AIM OF THE TASK:
What is the number of lines below that contain the string "Shirt"? Give it and nothing else.

Dataset items:
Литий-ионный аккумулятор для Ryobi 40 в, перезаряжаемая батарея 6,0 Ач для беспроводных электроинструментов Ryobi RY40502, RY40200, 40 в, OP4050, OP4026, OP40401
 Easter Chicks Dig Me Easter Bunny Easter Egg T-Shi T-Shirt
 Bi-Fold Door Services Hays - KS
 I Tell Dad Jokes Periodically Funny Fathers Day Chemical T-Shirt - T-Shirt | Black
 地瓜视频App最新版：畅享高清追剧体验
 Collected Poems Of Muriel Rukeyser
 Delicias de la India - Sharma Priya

THE ANSWER:
2